◆ Supplied data ◆
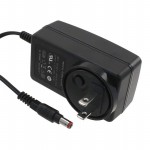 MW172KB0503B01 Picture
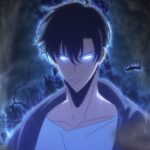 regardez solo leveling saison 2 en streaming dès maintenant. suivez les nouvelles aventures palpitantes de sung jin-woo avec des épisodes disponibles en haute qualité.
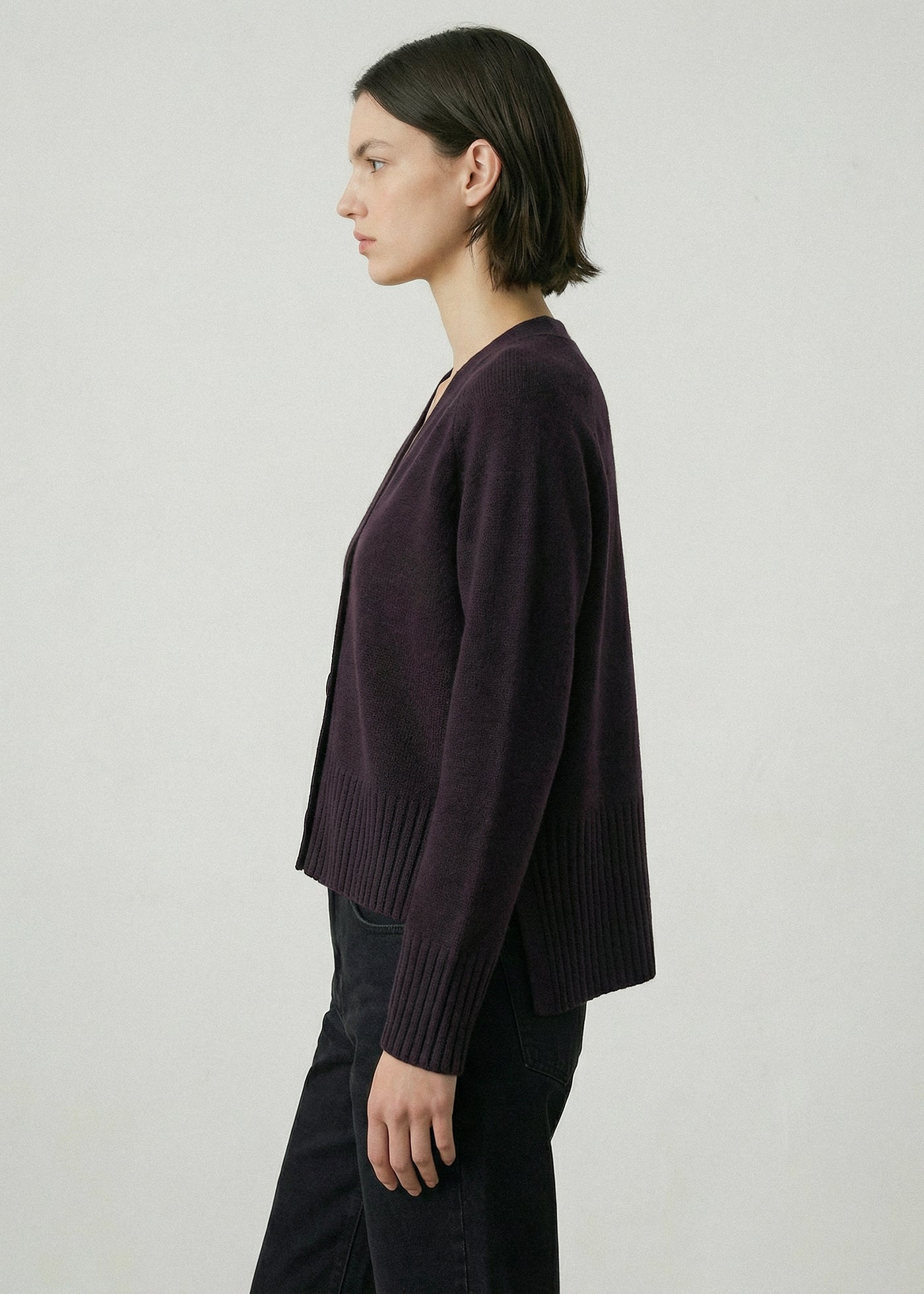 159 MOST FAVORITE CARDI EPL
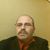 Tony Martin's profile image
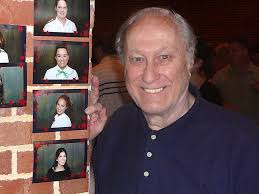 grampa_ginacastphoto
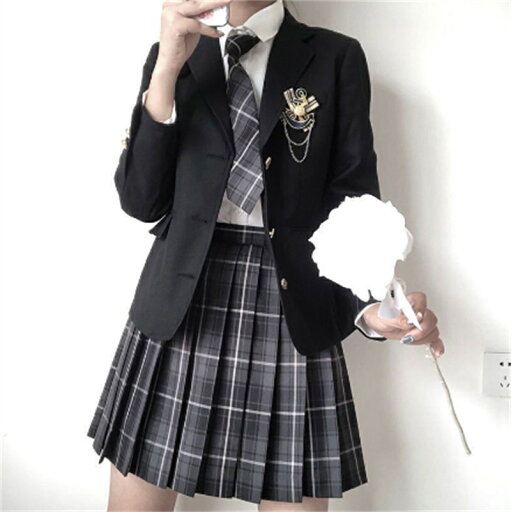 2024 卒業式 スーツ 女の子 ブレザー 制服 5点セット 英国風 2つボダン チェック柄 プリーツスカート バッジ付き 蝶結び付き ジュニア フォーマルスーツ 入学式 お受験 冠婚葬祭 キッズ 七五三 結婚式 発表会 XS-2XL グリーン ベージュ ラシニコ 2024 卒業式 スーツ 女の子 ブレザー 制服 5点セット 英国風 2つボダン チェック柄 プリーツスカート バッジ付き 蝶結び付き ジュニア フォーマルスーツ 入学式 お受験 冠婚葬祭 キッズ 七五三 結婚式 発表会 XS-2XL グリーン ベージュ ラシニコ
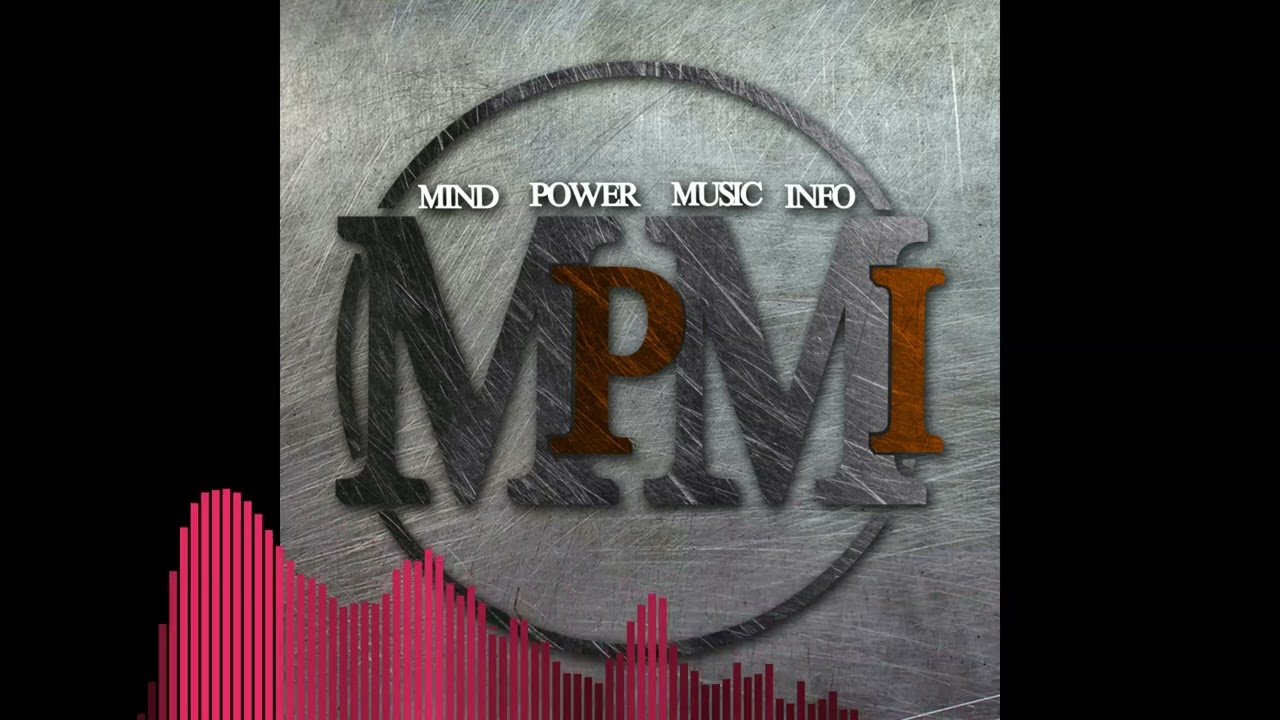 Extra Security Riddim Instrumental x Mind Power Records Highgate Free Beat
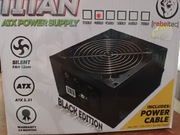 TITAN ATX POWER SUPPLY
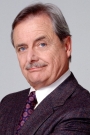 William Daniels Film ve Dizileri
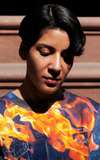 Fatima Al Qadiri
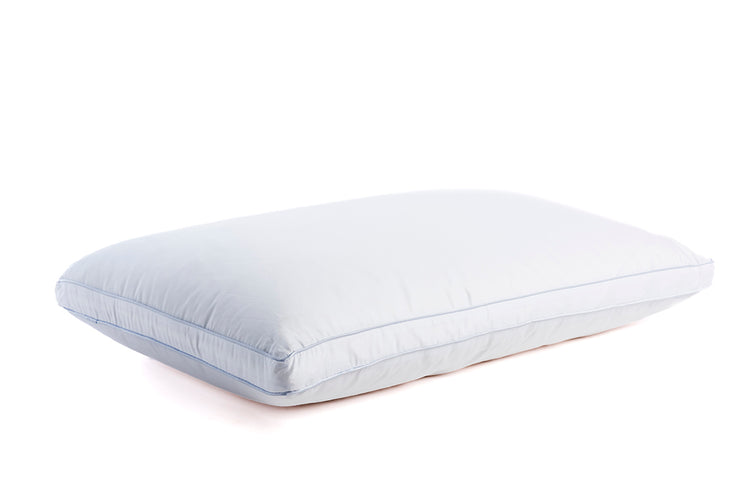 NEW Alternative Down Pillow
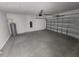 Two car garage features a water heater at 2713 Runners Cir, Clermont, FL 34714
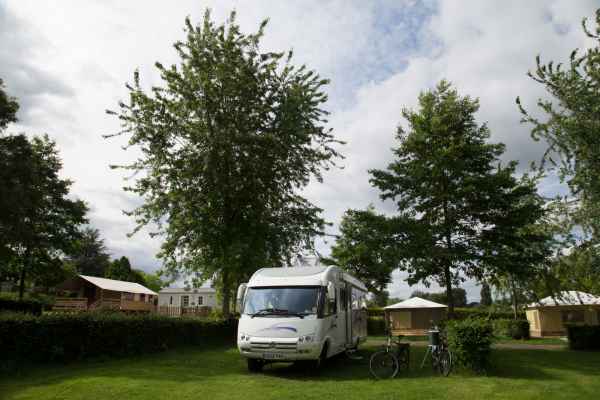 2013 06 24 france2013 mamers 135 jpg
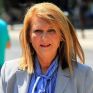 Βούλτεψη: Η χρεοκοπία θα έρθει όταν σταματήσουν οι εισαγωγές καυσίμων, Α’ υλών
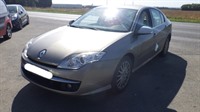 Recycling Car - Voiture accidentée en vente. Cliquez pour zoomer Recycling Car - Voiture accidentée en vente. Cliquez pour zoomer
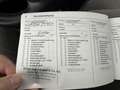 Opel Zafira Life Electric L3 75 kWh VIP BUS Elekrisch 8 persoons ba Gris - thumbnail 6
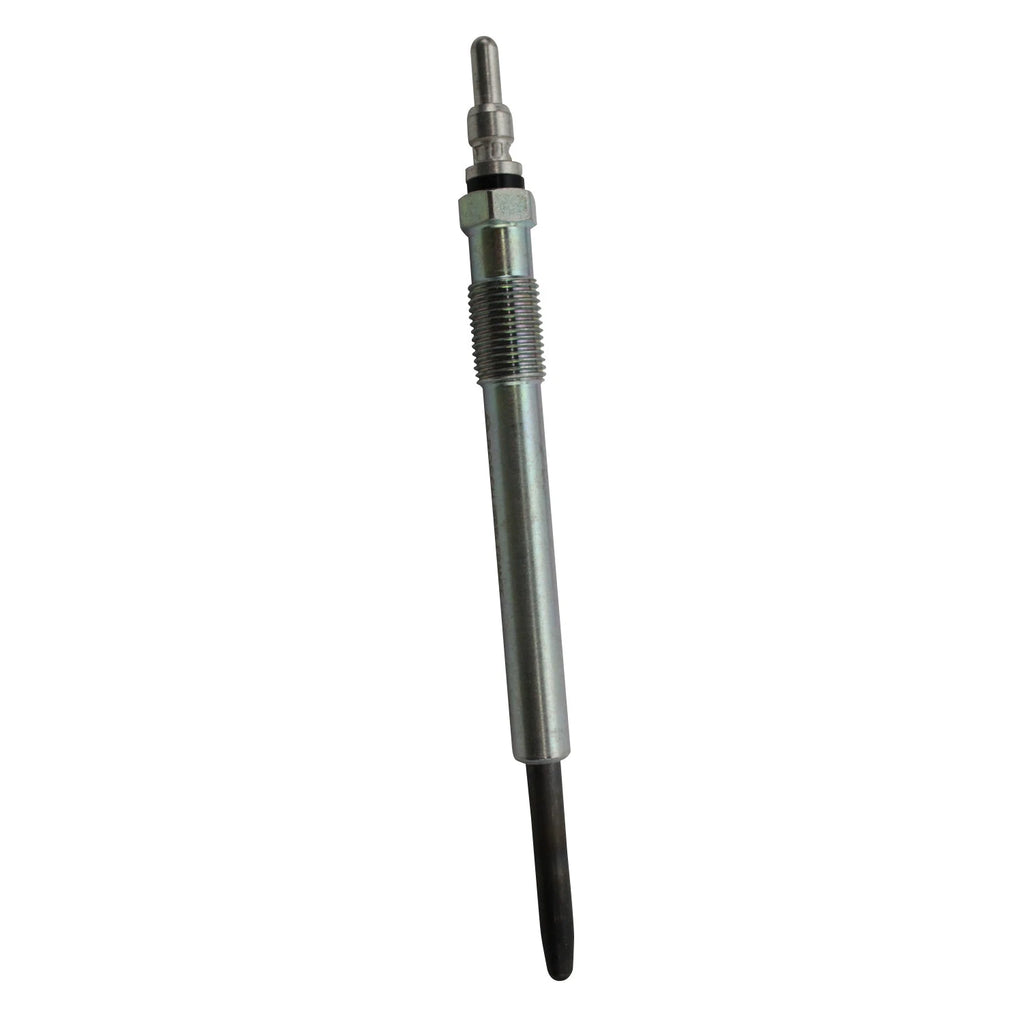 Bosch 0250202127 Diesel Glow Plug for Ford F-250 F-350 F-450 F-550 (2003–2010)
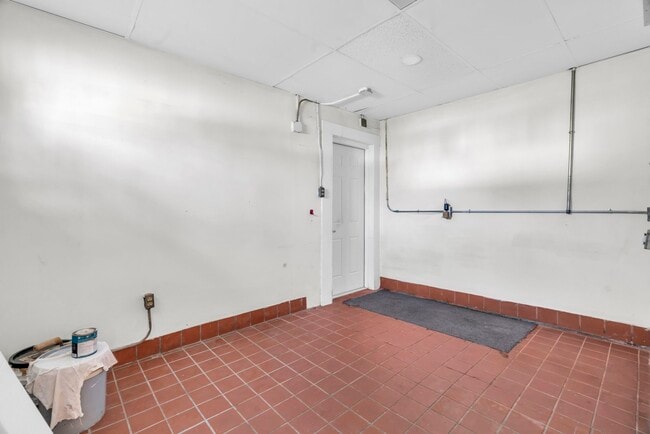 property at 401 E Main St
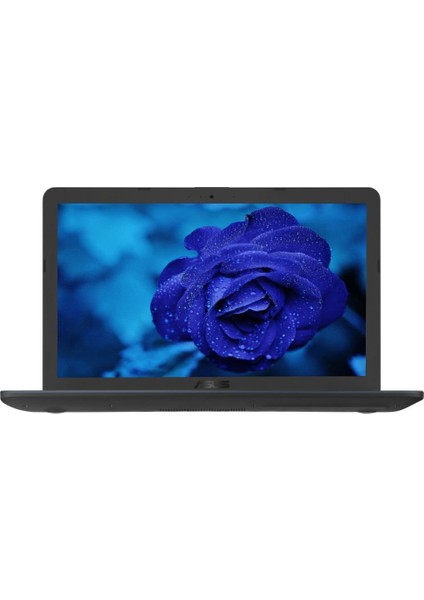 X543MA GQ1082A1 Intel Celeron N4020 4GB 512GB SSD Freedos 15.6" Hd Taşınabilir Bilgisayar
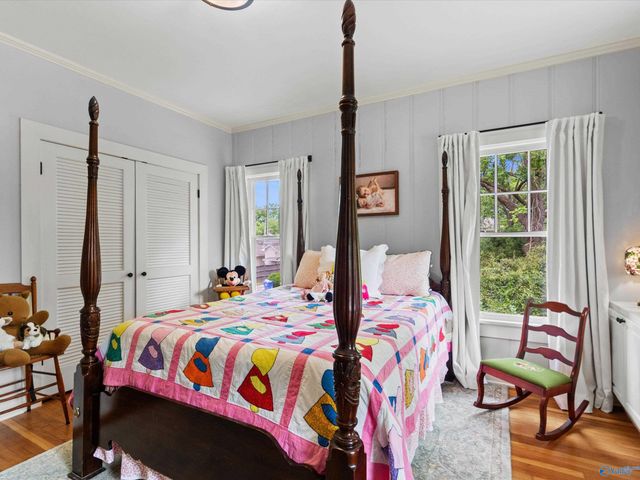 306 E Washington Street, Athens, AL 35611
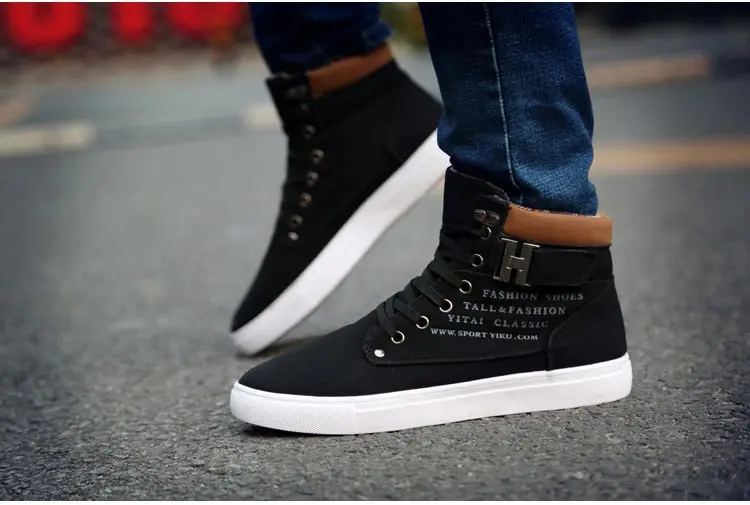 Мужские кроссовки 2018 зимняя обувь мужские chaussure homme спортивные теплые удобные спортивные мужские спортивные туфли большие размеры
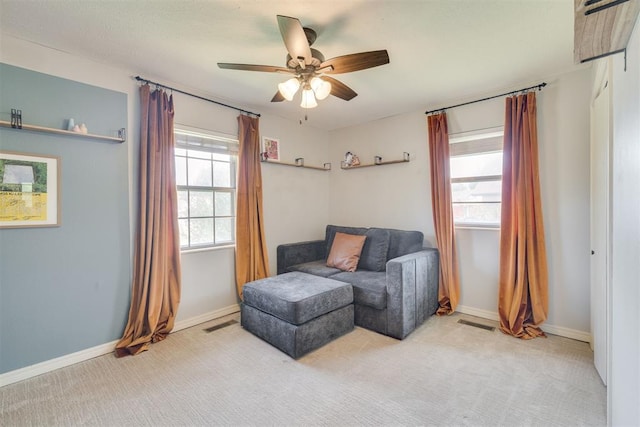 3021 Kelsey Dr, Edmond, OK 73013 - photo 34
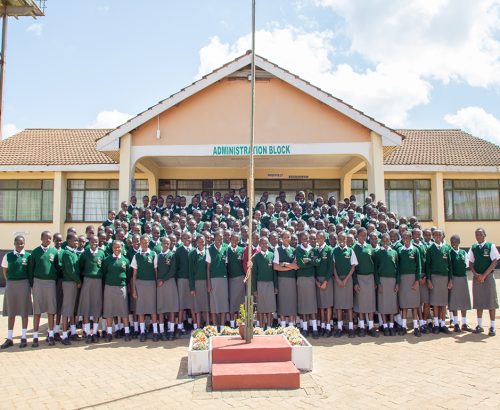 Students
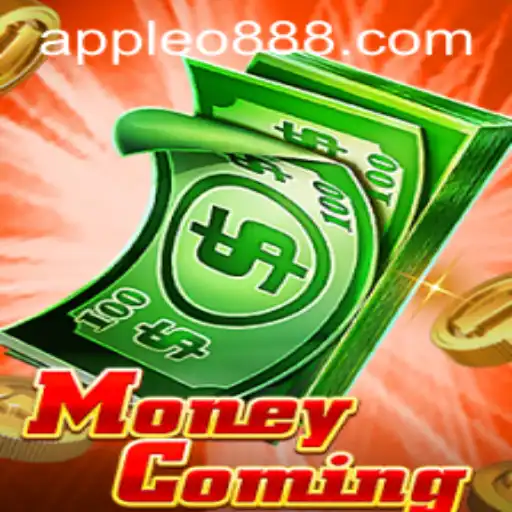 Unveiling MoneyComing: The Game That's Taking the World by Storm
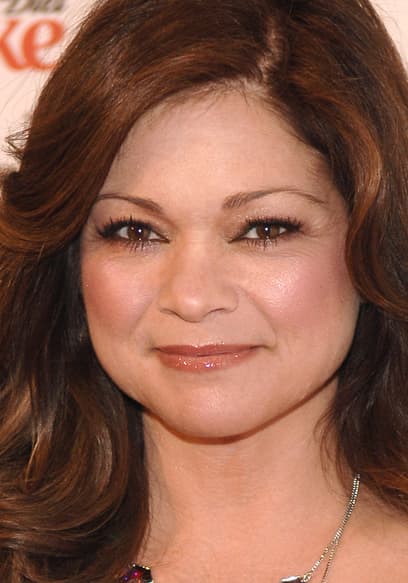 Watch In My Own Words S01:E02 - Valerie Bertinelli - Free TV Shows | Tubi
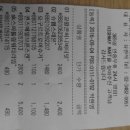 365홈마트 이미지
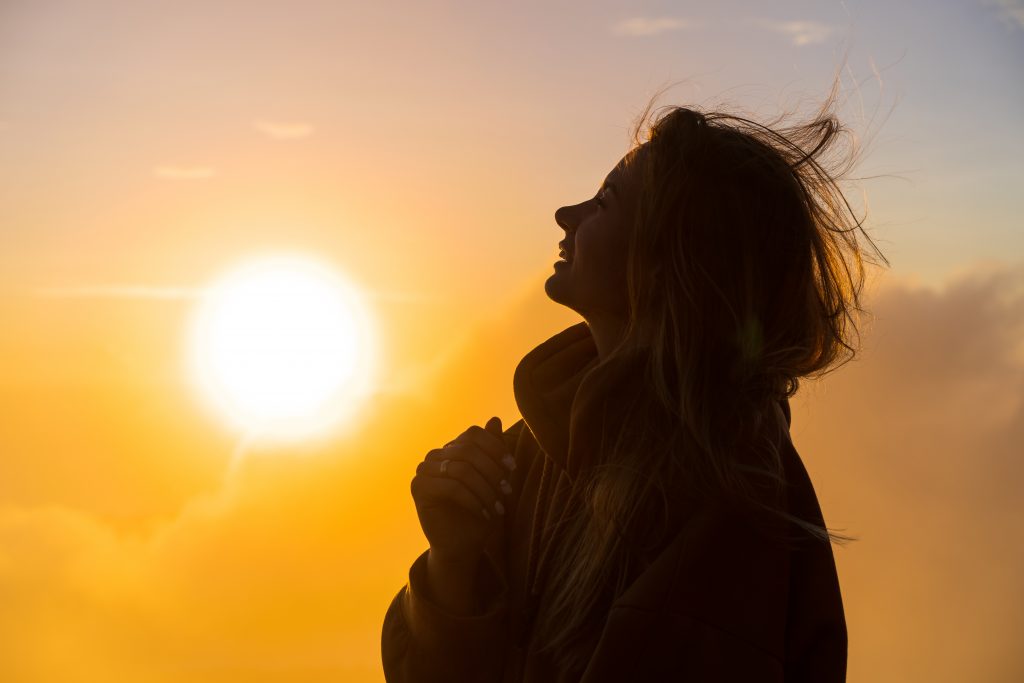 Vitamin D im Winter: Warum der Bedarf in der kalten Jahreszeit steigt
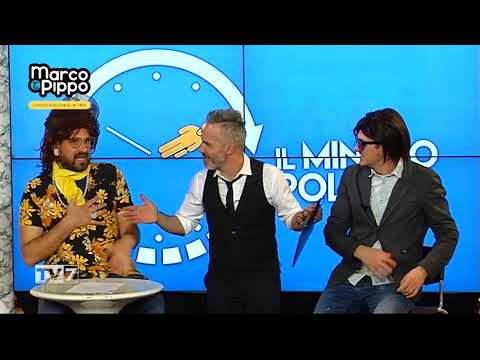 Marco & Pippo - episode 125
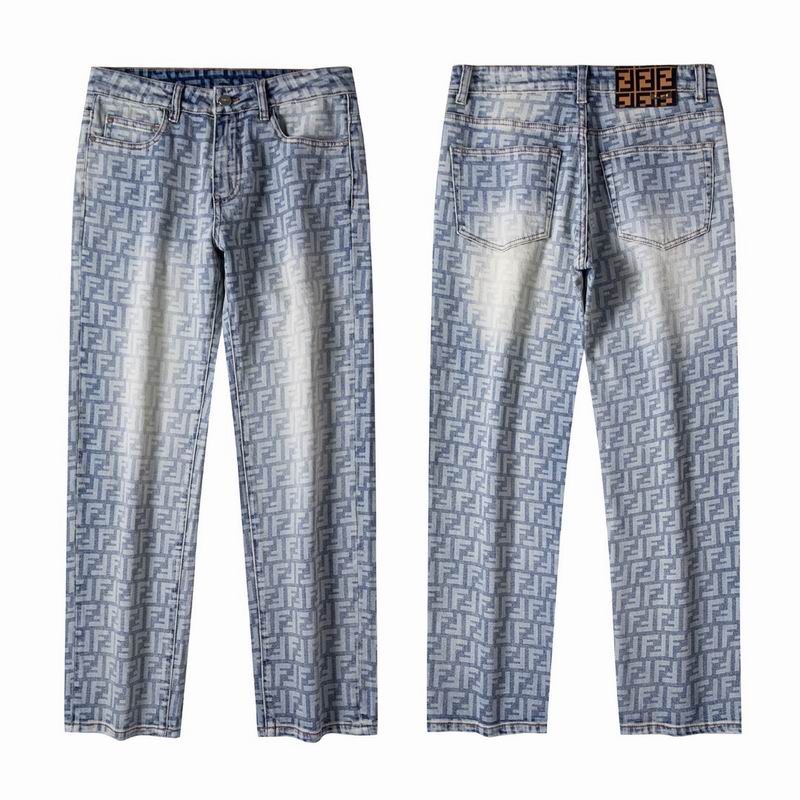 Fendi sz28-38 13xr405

◆ The task ◆
Extract only the lines from the one that contains "X543MA GQ1082A1 Intel" through the end of the records, inclusive, and omit every picture.

◆ Output of the task ◆
 X543MA GQ1082A1 Intel Celeron N4020 4GB 512GB SSD Freedos 15.6" Hd Taşınabilir Bilgisayar
 306 E Washington Street, Athens, AL 35611
 Мужские кроссовки 2018 зимняя обувь мужские chaussure homme спортивные теплые удобные спортивные мужские спортивные туфли большие размеры
 3021 Kelsey Dr, Edmond, OK 73013 - photo 34
 Students
 Unveiling MoneyComing: The Game That's Taking the World by Storm
 Watch In My Own Words S01:E02 - Valerie Bertinelli - Free TV Shows | Tubi
 365홈마트 이미지
 Vitamin D im Winter: Warum der Bedarf in der kalten Jahreszeit steigt
 Marco & Pippo - episode 125
 Fendi sz28-38 13xr405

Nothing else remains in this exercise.